Needless to say, for President Obama Africa is the land of his father even though he was born and raised in America. I believe President Obama, like most immigrant Ethiopian Americans, would like to help the continent not only escape poverty but also achieve better governance and greater respect for the rule of law. He would like to see Africa having free and fair elections and improved human rights conditions. In his book Dreams From My Father, he wrote, “… It was into my father’s image, the black man, son of Africa, that I’d packed all the attributes I sought in myself, the attributes of Martin and Malcolm, DuBois and Mandela. And if later I saw that the black men I knew – Frank or Ray or Will or Rafiq – fell short of such lofty standards; if I had learned to respect these men for the struggles they went through, recognizing them as my own – my father’s voice had nevertheless remained untainted, inspiring, rebuking, granting or withholding approval. You do not work hard enough, Barry. You must help in your people’s struggle. Wake up, black man!” A man whose life’s inspiration comes from Martin Luther King, Malcolm X, W.E. B. DuBois and Nelson Mandela cannot ignore or remain indifferent to the suffering of African peoples. I think he will help Africans in their struggle for dignity in his second term.
U.S. Human Rights Policy in the Post Arab Spring Period
In the post-Arab Spring world, the U.S. has come to realize that its formula of subordinating its human rights policy to security and economic interests in dealing with dictators needs reexamination, recalibration and reformulation. By relying on dictators to maintain domestic and regional stability, the U.S. has historically ignored and remained indifferent to the needs, aspirations and suffering of the Arab masses. When the Arab masses exploded in anger, the U.S. was perplexed and did not know what to do.
The U.S. has been timid in raising human rights issues with Africa’s dictators fearing lack of cooperation in the war on terror and other strategic objectives. The U.S. effort has been limited to issuing empty verbal exhortations and practicing “quite diplomacy” which has produced very little to advance an American human rights agenda. I believe the President understands that America’s long term global interests cannot be advanced or achieved merely through moral exhortations and condemnations. We know that the President’s style is to exhaust diplomacy before taking more drastic measures. As he explained, “The promotion of human rights cannot be about exhortation alone. At times, it must be coupled with painstaking diplomacy. I know that engagement with repressive regimes lacks the satisfying purity of indignation. But I also know that sanctions without outreach–and condemnation without discussion–can carry forward a crippling status quo. No repressive regime can move down a new path unless it has the choice of an open door.” For the past four years, few African dictators have walked through the door that leads to democracy and human rights. Many of them have kicked it shut. I am hopeful that in the second term, the President will go beyond “exhortation” to concrete action in dealing with African dictators since he holds their aid purse strings.
President Obama is Not Just a President But Also a Constitutional Lawyer and…
I believe President Obama’s experiences before he became a national leader continue to have great influence on his thinking and actions.

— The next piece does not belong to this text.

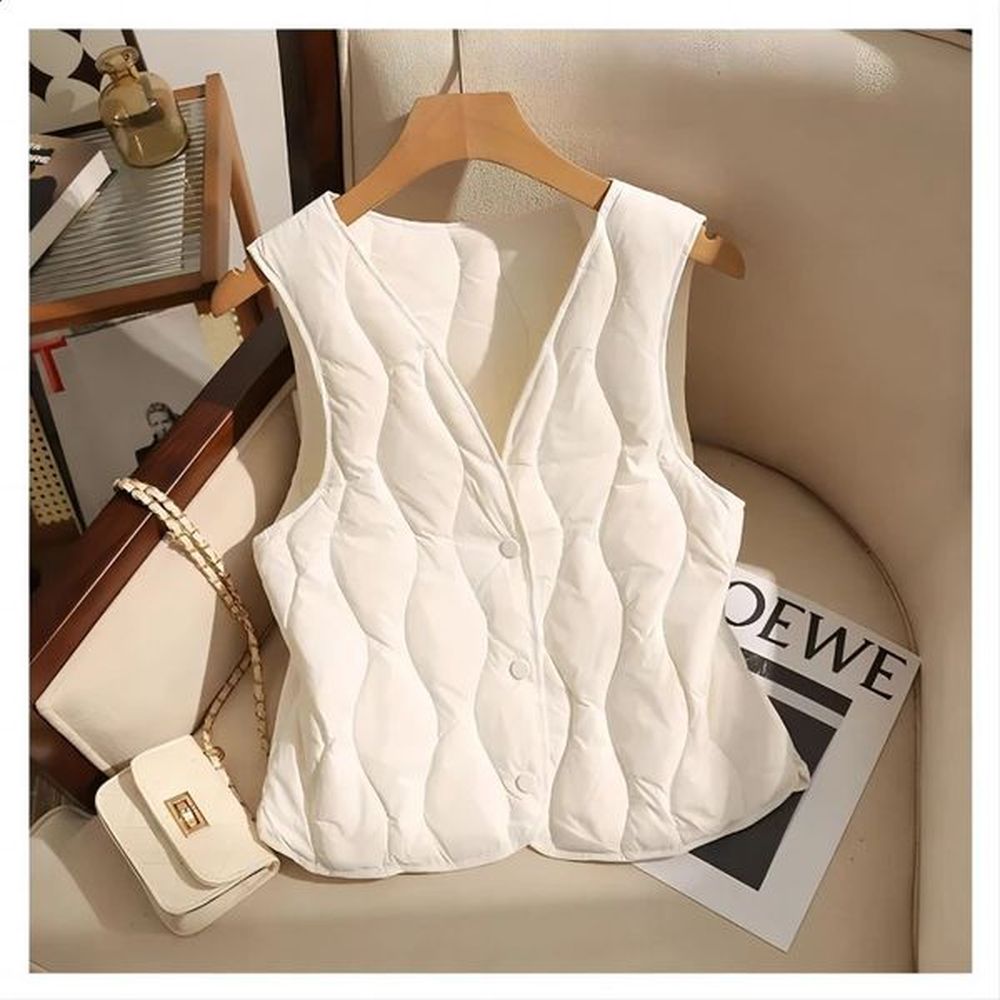 autumn and winter vneck vest jacket for women loose warm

As a constitutional and civil rights lawyer, I believe he has an innate sense of moral distaste and repugnance for injustice and arbitrariness. President Obama cut his teeth as a lawyer representing individuals in civil and voting rights litigation and wrongful terminations in employment though he could have joined any one of the most prestigious law firms in America. He spent his early years doing grassroots organizing and advocacy working with churches and community groups to help the poor and disadvantaged. To be sure, he has spent more time doing community work than serving on the national political stage. As a constitutional and civil rights lawyer, law professor and advocate for the poor, I believe President Obama understands the immense importance of the rule of law, protection of civil liberties and human rights and the need to restrain those who abuse their powers and sneer at the rule of law. I think the community activist side of him will be more visible in his second term.
Ask Not What Obama Can Do for Ethiopia, But…

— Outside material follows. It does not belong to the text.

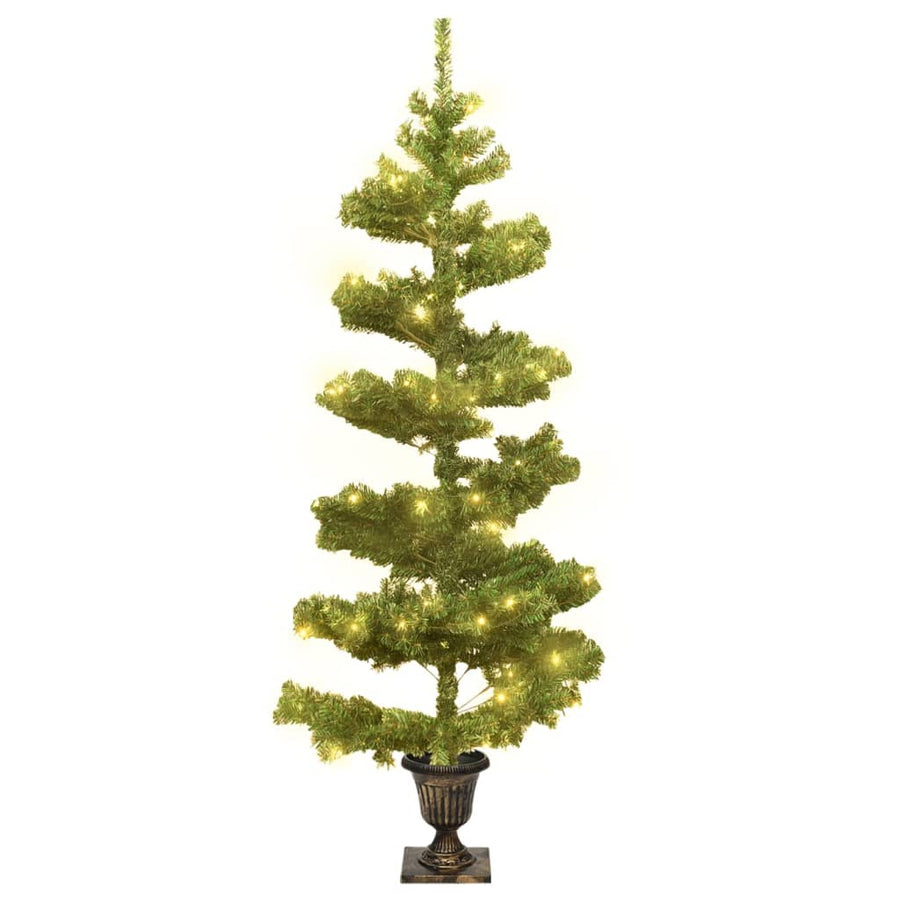 Kunstkerstboom Met Verlichting En Pot 120 Cm Pvc Groen 120 x 65 cm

Some of us make the mistake of asking what President Obama can do for us. The right question is what we can do for Ethiopia by organizing, mobilizing and lobbying the Obama Administration to establish and pursue a firm human rights agenda. In his victory speech on election night President Obama said, “The role of citizen in our democracy does not end with your vote. America’s never been about what can be done for us. It’s about what can be done by us together through the hard and frustrating, but necessary work of self-government.” Governor Romney in his concession speech said, “At a time like this we can’t risk partisan bickering and political posturing. Our leaders have to reach across the aisle to do the people’s work, and we citizens also have to rise to occasion.” These are the principles Ethiopian Americans, and others in the Diaspora and at home, should embrace and practice. It should be time for a fresh start. We should learn from past mistakes and begin to organize and reach out in earnest to the Obama Administration. Many groups have had success with the Administration in advancing their causes including Arab Americans, Iranian Americans, Armenian Americans, Macedonian Americans, Serbian Americans and many others. As human rights activists and advocates, we should demand engagement by senior U.S. officials and diplomats on human rights issues.

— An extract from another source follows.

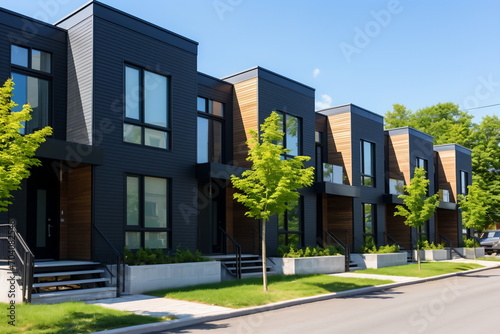 Modern black and wood townhouses with large windows photo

The U.S. knows how to apply pressure on dictators who have been “friends”. In the 1980s, the U.S. played a central role in the transition of the Philippines, Chile, Taiwan, and South Korea from dictatorship to democracy. The United States also kept human rights agenda front and center when it conducted negotiations with the Soviet Union and other Soviet-bloc countries. The question is not whether the U.S. can advance a vigorous human rights agenda in Ethiopia or Africa, but if it has the political will to do so. I am hopeful that will will manifest itself in President Obama’s second term.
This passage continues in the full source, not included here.